BladesightDatasetDirectory

This object is used to access datasets from the Bladesight Data bucket on S3.

It also lists the local datasets.

Examples:

Load a dataset into memory:

>>> Datasets = BladesightDatasetDirectory()
>>> dataset = Datasets["data/intro_to_btt/intro_to_btt_ch02"]
>>> df_table = dataset["table/dataset_1"]
Source code in bladesight/dataset_handler.py
class BladesightDatasetDirectory:
    """This object is used to access datasets from the 
    Bladesight Data bucket on S3. 

    It also lists the local datasets.

    Examples:
    ---------
    Load a dataset into memory:

        >>> Datasets = BladesightDatasetDirectory()
        >>> dataset = Datasets["data/intro_to_btt/intro_to_btt_ch02"]
        >>> df_table = dataset["table/dataset_1"]
    """
    def __init__(self):
        self.path = get_path_to_local_bladesight()
        self.local_datasets = [
            self._replace_path_prefix(i) for i in get_local_datasets()
        ]
        self._refresh_available_datasets()

    @staticmethod
    def _getitem_key_correct_format(key: str) -> bool:
        """This function checks if the key is in the correct format.
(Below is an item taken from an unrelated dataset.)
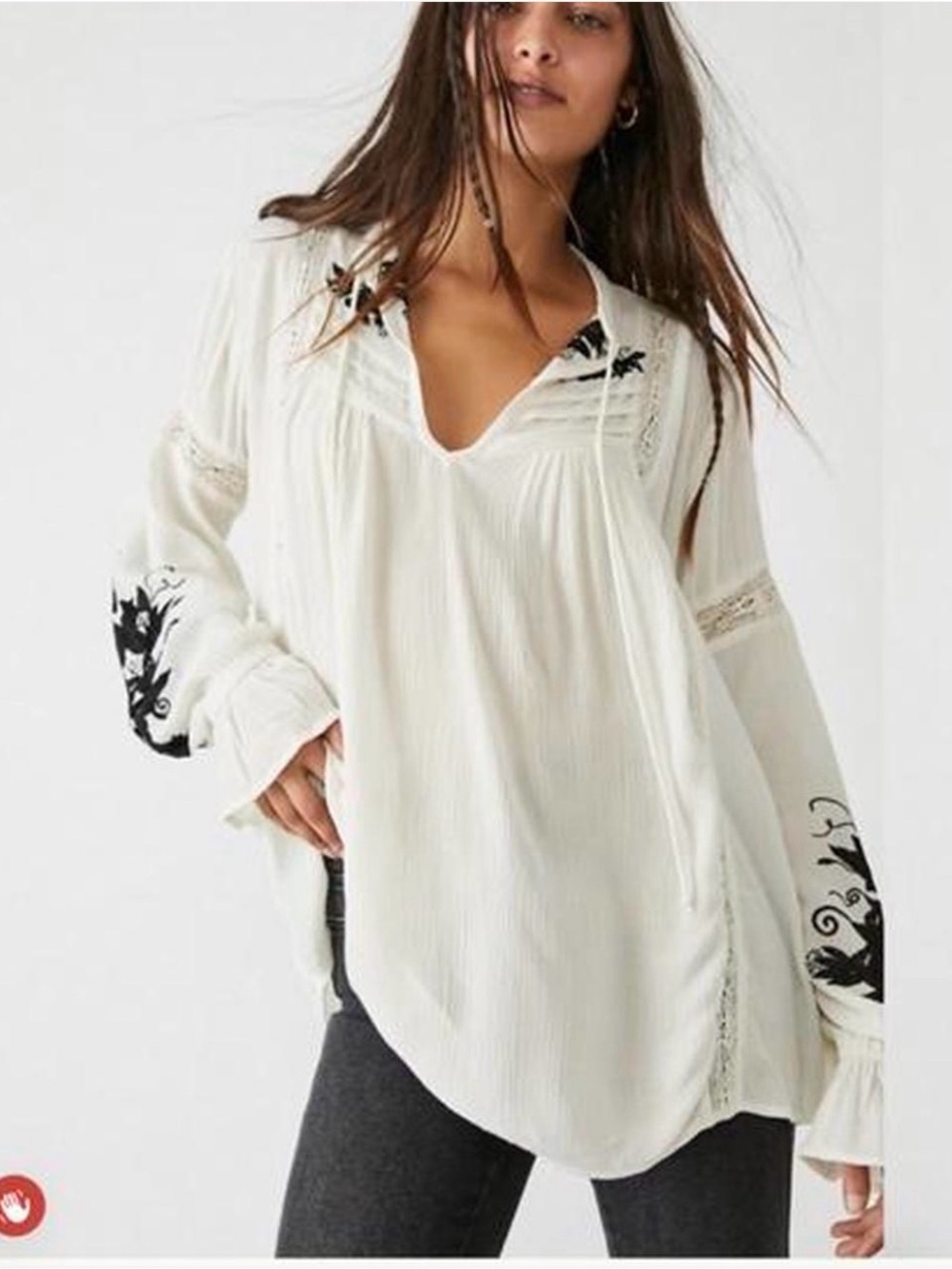 Free People Tusalossa Embroidered Lace Tunic Top Ivory Black XS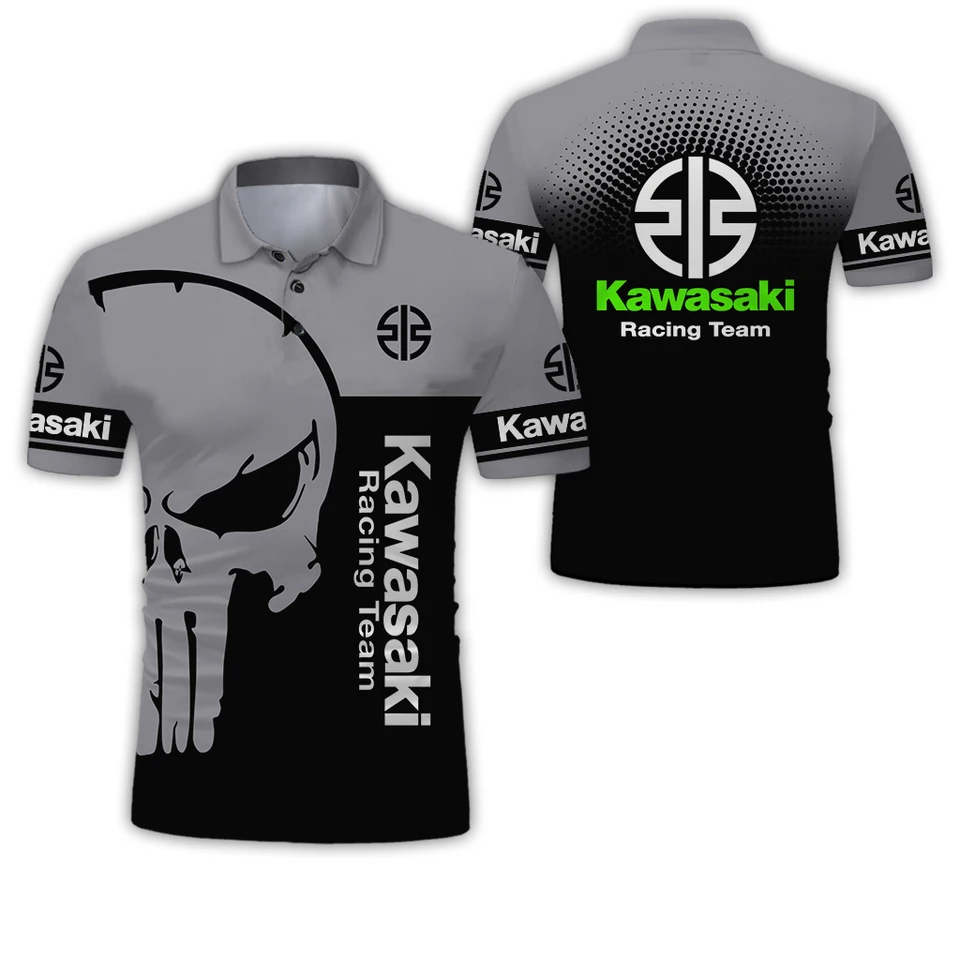Kawasaki Motocykel 2024 Letné mužské 3D tlačené pólové košele Men Street Príležitostné športové módne gombíky Unisex Polo Top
The key
        should be in the format "data/intro_to_btt/intro_to_btt_ch02".

        Args:
            key (str): The key to check.

        Returns:
            bool: True if the key is in the correct format, False otherwise.

        Examples:
        ---------
        Check if a key is in the correct format:

            >>> BladesightDatasetDirectory._getitem_key_correct_format(
            ... "data/intro_to_btt/intro_to_btt_ch02"
            ... )
            True

            >>> BladesightDatasetDirectory._getitem_key_correct_format(
            ... "intro_to_btt/intro_to_btt_ch02"
            ... )
            False
        """
        if key.startswith("data/"):
            return True
        return False

    def __getitem__(self, key: str) -> Dataset:
        """Get the dataset specified by a key. If the dataset is not found, it
        will be downloaded from the Bladesight Data bucket.

        Args:
            key (str): The name of the dataset.

        Raises:
            KeyError: If the dataset is not found.

        Returns:
            Dataset: The dataset.

        Examples:
        ---------
        Load a dataset into memory:

            >>> Datasets = BladesightDatasetDirectory()
            >>> dataset = Datasets["data/intro_to_btt/intro_to_btt_ch02"]
        """
        if self._getitem_key_correct_format(key) is False:
            raise KeyError(
                f"Dataset {key} does not start with data/. The key should be in the format 'data/../../etc'."
            )

        for local_dataset in self.local_datasets:
            homogenized_local_name = self._replace_path_prefix(local_dataset)
            if key == homogenized_local_name:
                return Dataset(self.path / pathlib.Path(local_dataset + ".db"))
        else:
            # Download the dataset from the online datasets
            for online_set in self.online_datasets:
                homogenized_online_name = self._replace_path_prefix(online_set)
                if key == homogenized_online_name:
                    download_dataset_from_bladesight_data(
                        self._replace_path_prefix(key, BLADESIGHT_DATASETS_S3_BUCKET)
                    )
                    self.local_datasets = get_local_datasets()
                    return self[key]

            else:
                raise KeyError(f"Dataset {key} not found.")

    @staticmethod
    def _replace_path_prefix(
        dataset_full_path: str, replace_prefix: str = "data"
    ) -> str:
        """This function is used to replace the first path prefix with the
            replace_prefix argument. For example, if the dataset path
            is "bladesight-data/intro_to_btt/intro_to_btt_ch02", and the
            replace_prefix is "data", and the path is returned as
            "data/intro_to_btt/intro_to_btt_ch02".

        Args:
            dataset_full_path (str): The full path to the dataset.
            replace_prefix (str, optional): The prefix to replace. Defaults to "data".

        Returns:
            str: The new path.

        Examples:
        ---------
        Replace the first path prefix with "data":

            >>> _replace_path_prefix(
            ... "bladesight-data/intro_to_btt/intro_to_btt_ch02", 
            ... "data"
            ... )
            "data/intro_to_btt/intro_to_btt_ch02"
        """
        new_path = [replace_prefix] + dataset_full_path.split("/")[1:]
        return "/".join(new_path)

    def _ipython_key_completions_(self):
        """ 
        We replace whatever prefix is in the 
        dataset with "data" 
        """
        return [self._replace_path_prefix(i) for i in self.online_datasets]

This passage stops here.